Pourtant, cette position interroge :

  • Le sujet du désamiantage n’est pas nouveau : à une question écrite sur le même thème (présence d’amiante dans des trains Corail exploités pour le service de trains de nuit, destiné à être ouvert à la concurrence) lors d’une séance à l’Assemblée nationale du 18 novembre 2019, le Ministre des Transports de l’époque, Jean-Baptiste Djebbari, avait apporté une réponse sans appel : "seul un désamiantage total, forcément très coûteux, permettrait de les transférer ou de les louer à un autre opérateur. Comme autres solutions, les autorités organisatrices ou les opérateurs ferroviaires peuvent faire l'acquisition de matériels neufs, ou d'occasion qui ne présenteraient pas ces contraintes, ou, s'ils veulent disposer de locomotives ou de voitures sans en financer l'acquisition, les louer auprès de l'un des loueurs de matériel ferroviaire qui ont émergé à la suite de l'ouverture à la concurrence de différents réseaux ferroviaires européens". Dès lors, il paraît étonnant que la Région et ses services aient préparé la libéralisation du lot étoile de Lille sans tenir compte de la législation et d’une situation dont elle devrait avoir pleinement conscience, en raison des reportings fréquents de SNCF Voyageurs sur l’état de la flotte utilisée, une obligation présente dans la convention TER Hauts-de-France actuelle.
  • La Région a ainsi demandé au Ministre de peser dans sa demande de dérogation auprès de l’Union Européenne, car selon elle "la France est le seul pays en Europe à n’avoir pas demandé de dérogation pour les trains à cette directive amiante", alors même qu’elle reconnaît le bien-fondé d’une telle directive… mais qui ne s’appliquerait pas bien au ferroviaire.

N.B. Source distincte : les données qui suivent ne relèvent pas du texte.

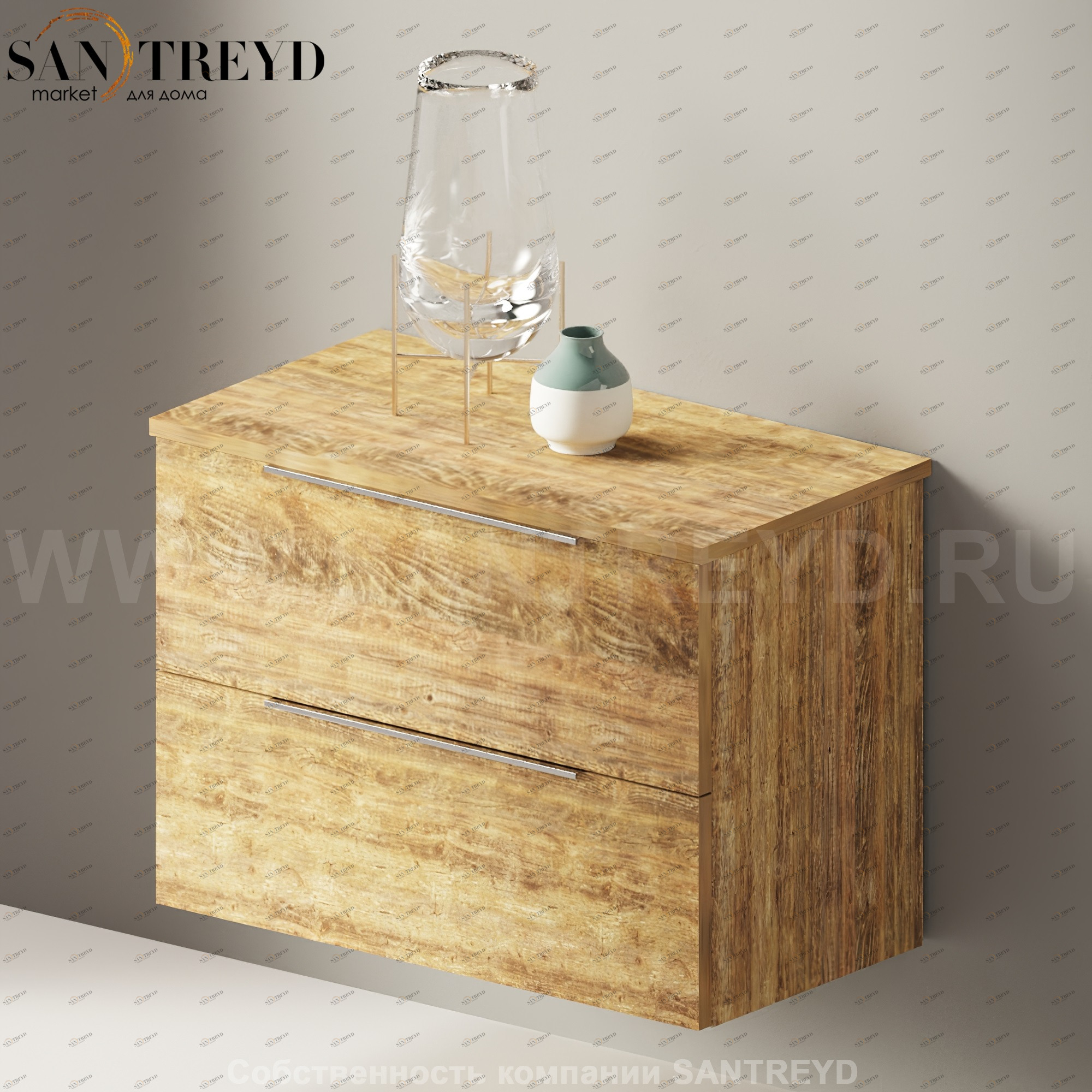 Flaminia BOX Настенная тумба 70 см с 2-мя ящиками BX424.WW Ceramica Flaminia BX424WW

La santé constituerait-elle une barrière à l’entrée pour la mise en concurrence ?
  • Elle omet aussi et surtout une solution alternative, qui ne présente que des avantages : renoncer à l’ouverture à la concurrence du lot étoile de Lille – littoral. En effet, l’alternative permettrait de profiter des investissements de la Région dans les 40 rames en les faisant exploiter par l’actuel propriétaire, SNCF Voyageurs, pendant près de 10 ans jusqu’à décembre 2033. Les dépenses pour allonger la durée de vie du matériel seraient ainsi amorties. Libre à la Région de provisionner d’ici cette date les montants nécessaires au désamiantage de ces rames, ou d’investir dans du nouveau matériel.
    Autrement dit, ce n’est ni la directive européenne, ni le matériel roulant, ni l’ancien monopole de la SNCF qui coûteraient 1 milliard d’euros au contribuable des Hauts-de-France, mais la position dogmatique de la Région à s’entêter dans un schéma de libéralisation, qu’elle peut stopper à très court terme à moindres frais (seul le dédommagement des candidats devant être opéré, comme vu précédemment).

 

Le sujet du désamiantage pourrait ainsi être un obstacle particulièrement important à la libéralisation du transport régional ferroviaire de voyageurs, puisque d’autres régions seraient concernées par le même sujet. On peut espérer que la raison et la rationalité l’emportent et que l’ouverture des lots concernés soit remise en question au regard des dépenses publiques colossales qu’elle engendrerait.

 

 

Alors que les partisans de l’ouverture à la concurrence n’ont eu de cesse de mettre en avant des arguments dogmatiques non étayés par les faits, l’épreuve du réel dresse d’ores-et-déjà une liste de plus en plus étoffée de dépenses publiques improductives, de complexifications inutiles du système qui font primer l’administratif et les actes juridiques sur le renforcement de l’offre ferroviaire. Dans un contexte d’urgence climatique et de catastrophes naturelles de plus en plus concrètes qui imposent un report modal en faveur du ferroviaire, avons-nous vraiment le temps de gaspiller les deniers publics destinés à financer l’utilisation du train du quotidien et son développement ? 

 

 

Rédigé par Antonin Mazel, Responsable de mission, 3E Consultants.